Internet Librarians Descend Upon Monterey

My apologies that this post was so long in coming - the wireless network at the conference and hotel is spotty, at best. I can hardly believe I'm this close to Silicon Valley and yet so unconnected. Downloading the picture above took what seemed like a lifetime.

This morning, the Internet Librarian conference started in earnest. More than 1,500 techie types are here, record numbers. Consequently, and unlike most library conferences, there are lots of men amongst the attendees. The librarian profession still skews heavily female, but that is changing - technology careers skew toward the male side, but clearly that is changing, too. I’m here, along with a lot of other women, and we’re not afraid to wear our gadget-and-Web geekiness on our sleeves. And our sleeves aren't horribly unfashionable polo shirts advertising tech companies, either. :) The wi-fi connection problems may also stem from the fact that everyone is blogging and Flickring and yakking about the conference, online, while also attending it. Never has so much bandwidth been gobbled up by one ravenous pack. Wait 'til the Second Lifers get here...

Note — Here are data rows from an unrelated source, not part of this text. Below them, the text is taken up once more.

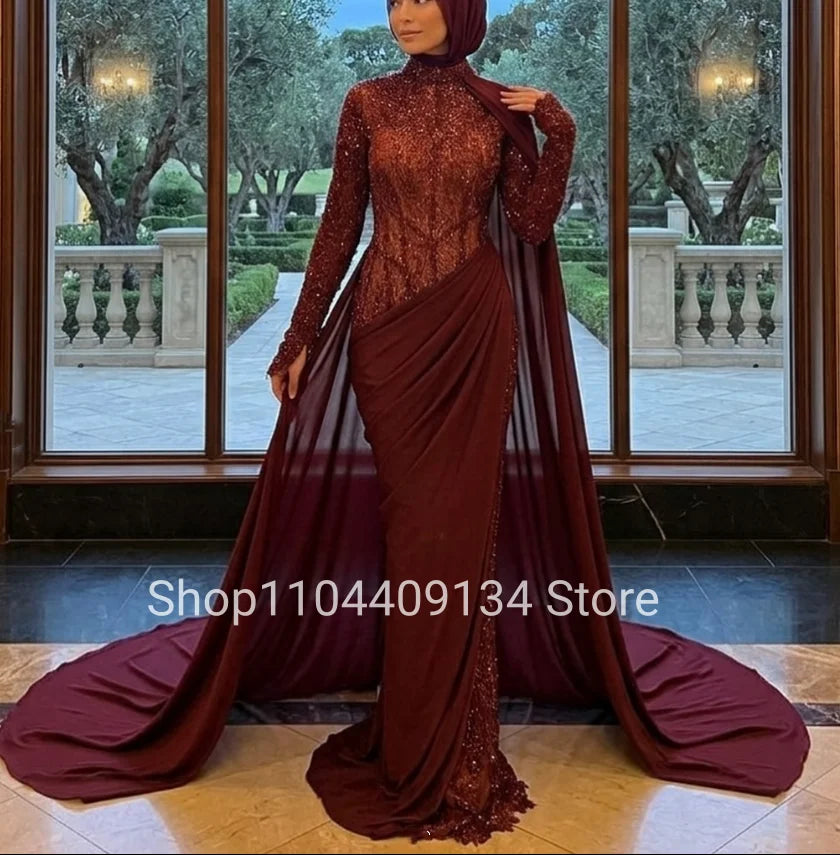 Beaded High-Neck Evening Gown | Long Sleeves & Draped Skirt | Braviixx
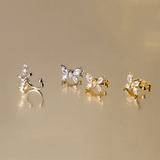 925 Silver Zircon Butterfly Ear Clip Loop Jewelry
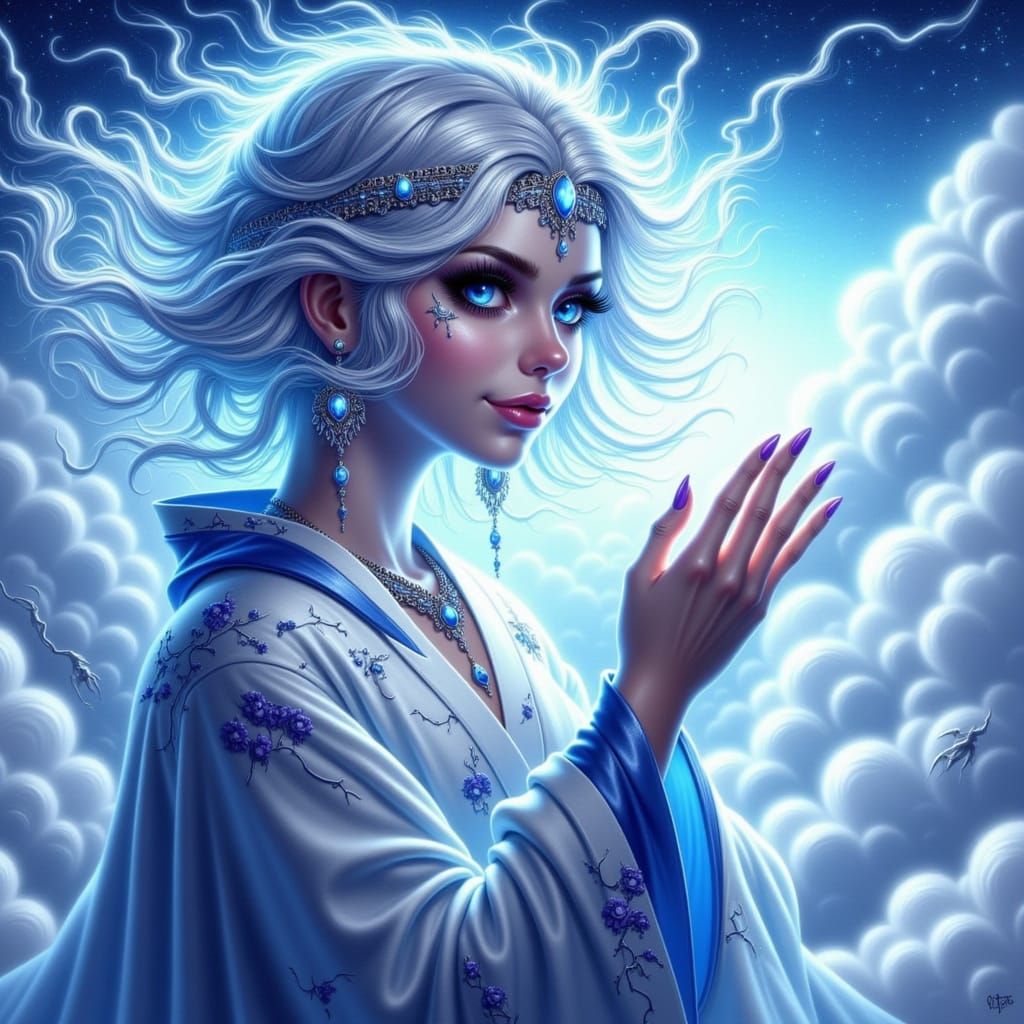 Serene Wind Oracle with Silver Hair in Ink Art Style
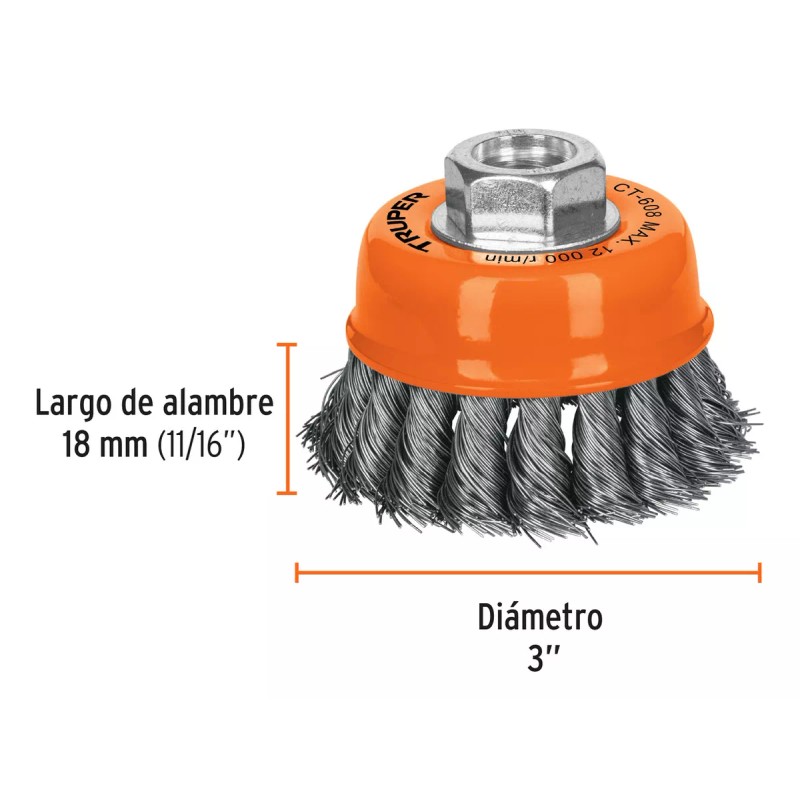 Truper Carda Copa, Alambre Trenzado Fino, 3' Esmeril Truper 14186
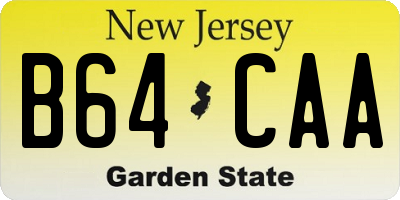 NJ license plate B64CAA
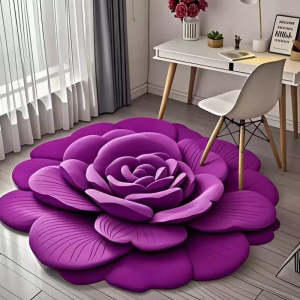 3D ดอกไม้สดรูปแบบเสื่อประตู Alien Dirt-proof Floral Plush & Diatomaceous Earth แผ่นพื้นห้องน้ําดูดซับ Anti-SLIP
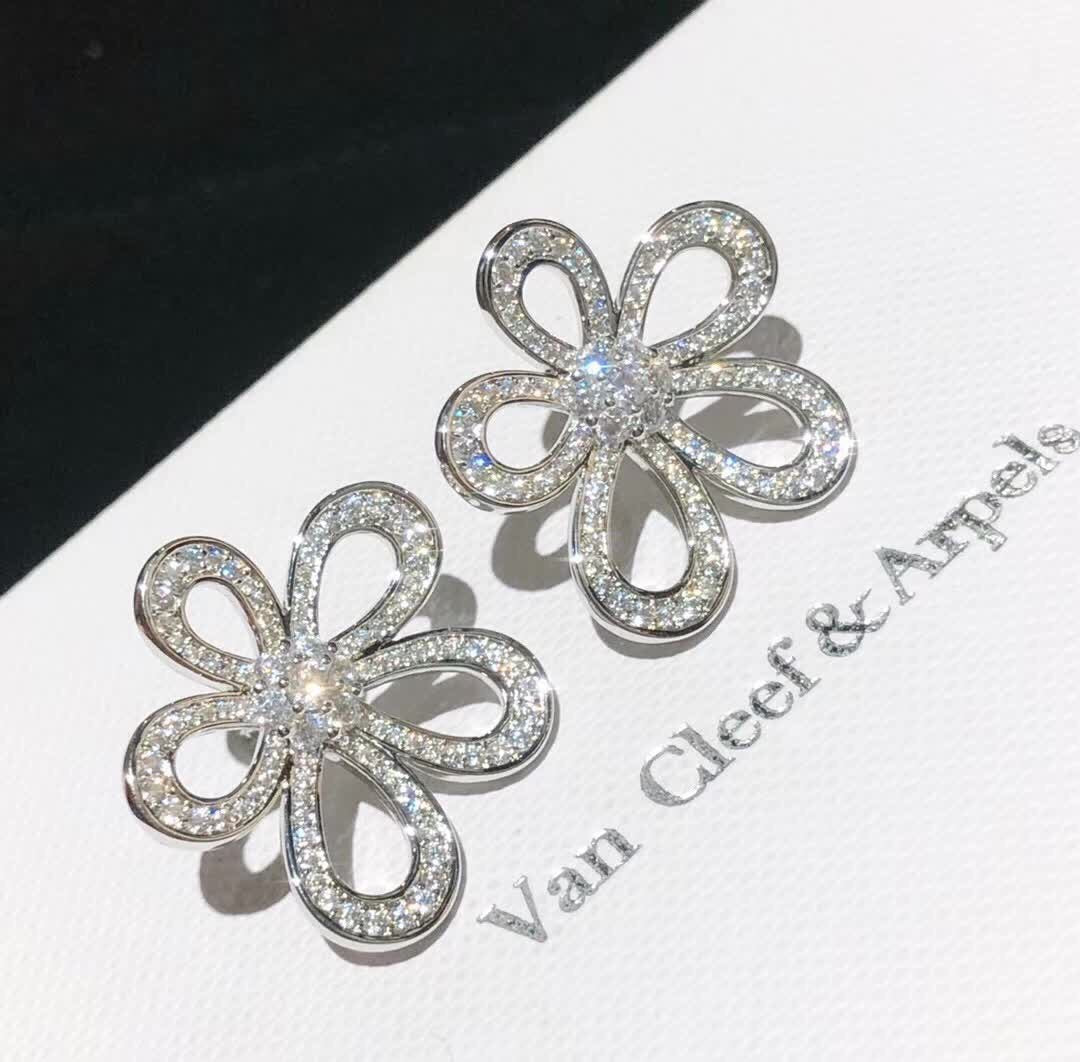 [⭐Spark]FLOWERLACE EARRINGS FULL DIAMONDS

Our names are around our necks, too: everywhere you look, someone’s wearing a name badge for the conference. The line up above is the queue for lunch at a tiny Italian cafe across the plaza from the conference center. Everyone in that line- up is an Internet Librarian or a speaker, vendor, organizer, as was everyone inside (which is why I felt comfortable taking pictures of complete strangers) with the exception of the very handsome owner/manager and his staff. I got my standard issue chicken caesar salad and caught up on email. Librarians are, in my opinion, endowed with some of the poorest social skills of all living beings. (Not all librarians, mind you -- what I love about my coworkers at DPPL is how outgoing and downright funny many of them are. What a refreshing change from the sad-but-true stereotype.) Suffice it to say it is not easy to strike up conversations and new friendships at these librarian gatherings. I saw someone with an Internet Librarian tote bag at the magnificient Monterey Bay Aquarium yesterday, greeted her and she gave me a look that said, “Oh, they let crazy people in here, too. Lovely.” Sometimes just making eye contact sends people scurrying toward the restrooms or gazing glassy-eyed at their laptop screens. Look at the body language in the picture here - yes, it was a little chilly today, but if an image is worth a thousand words, this photo is saying, "I'd probably prefer not to talk with you" in a myriad of ways.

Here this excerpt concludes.